◆ **Provided information**:
_ _ _ _

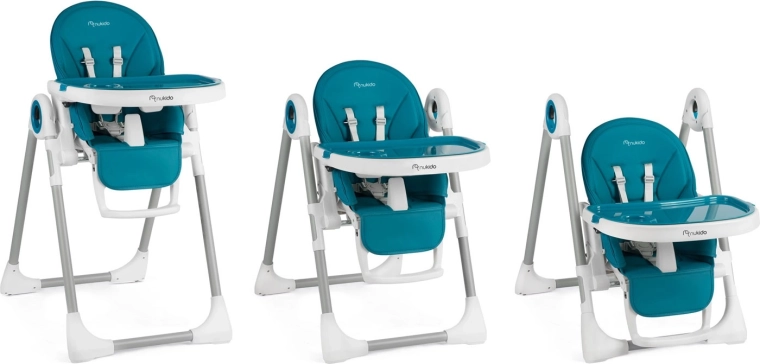Grows with your child: height and recline under control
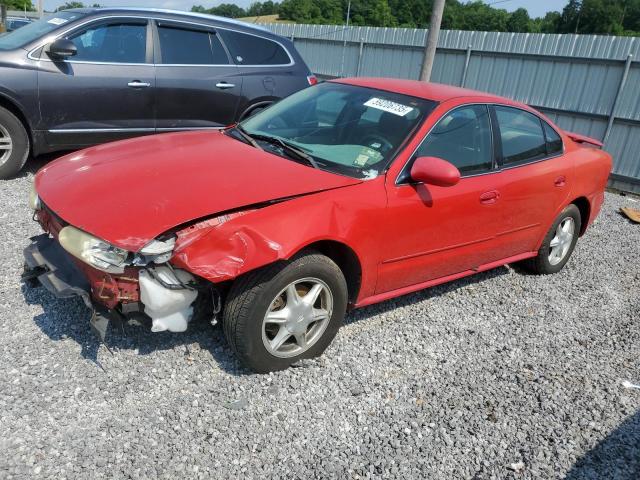  Salvage Oldsmobile Alero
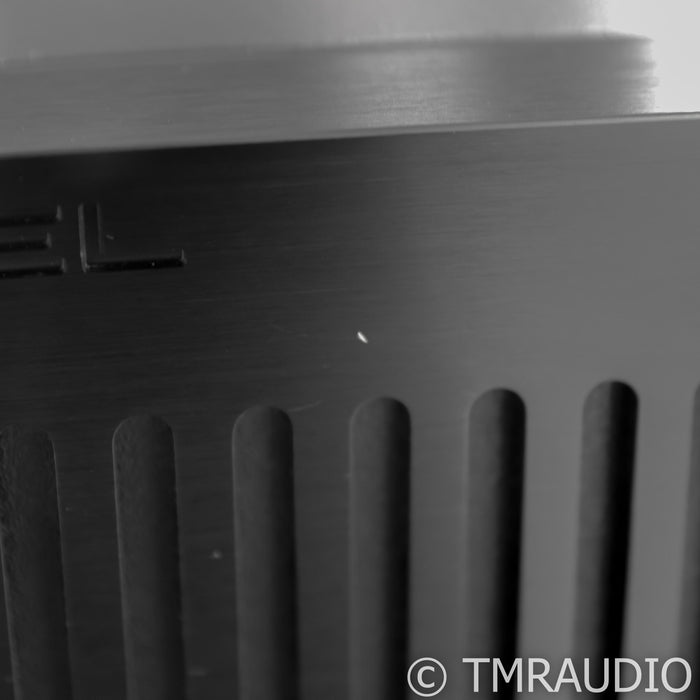 Rotel RB-1582MKII Stereo Power Amplifier; Black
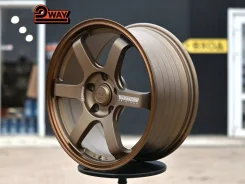 RAYS Volk Racing TE37SL. 8.0x17", 5x114.3, ET38, �� 73,1���. ����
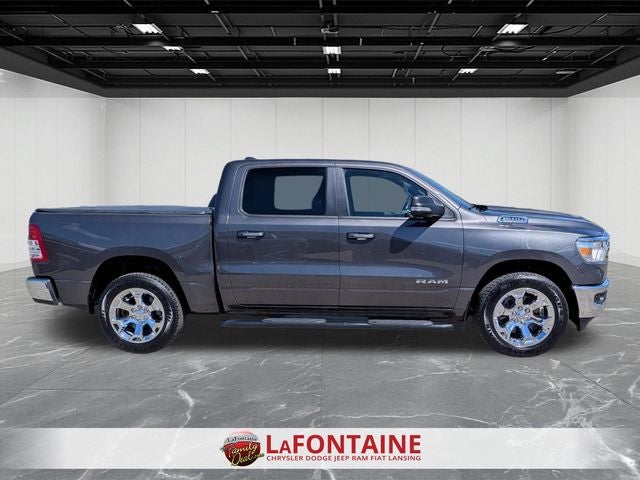 2019 RAM 1500 Big Horn/Lone Star Crew Cab 4x4 5'7' Box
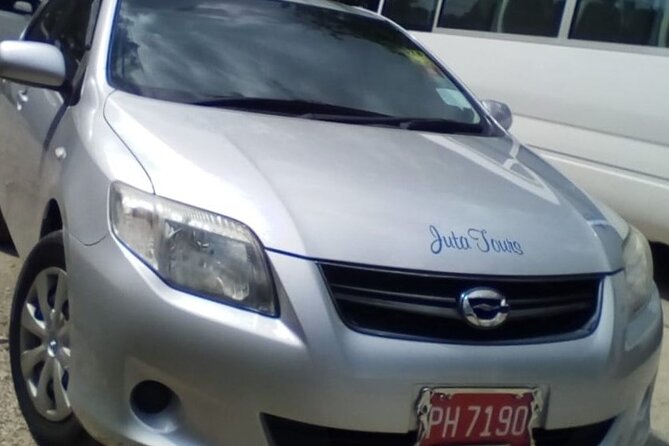 Private Airport Transfers to Negril Hotels - Why a private vehicle can be worth the $50 price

_ _ _ _

◆ **Task item**: For this exercise, set down exactly the lines that run from the line holding "RAYS Volk Racing" to the last line of the records above; include both end lines and omit pictures.

◆ **Task solution**:
 RAYS Volk Racing TE37SL. 8.0x17", 5x114.3, ET38, �� 73,1���. ����
 2019 RAM 1500 Big Horn/Lone Star Crew Cab 4x4 5'7' Box
 Private Airport Transfers to Negril Hotels - Why a private vehicle can be worth the $50 price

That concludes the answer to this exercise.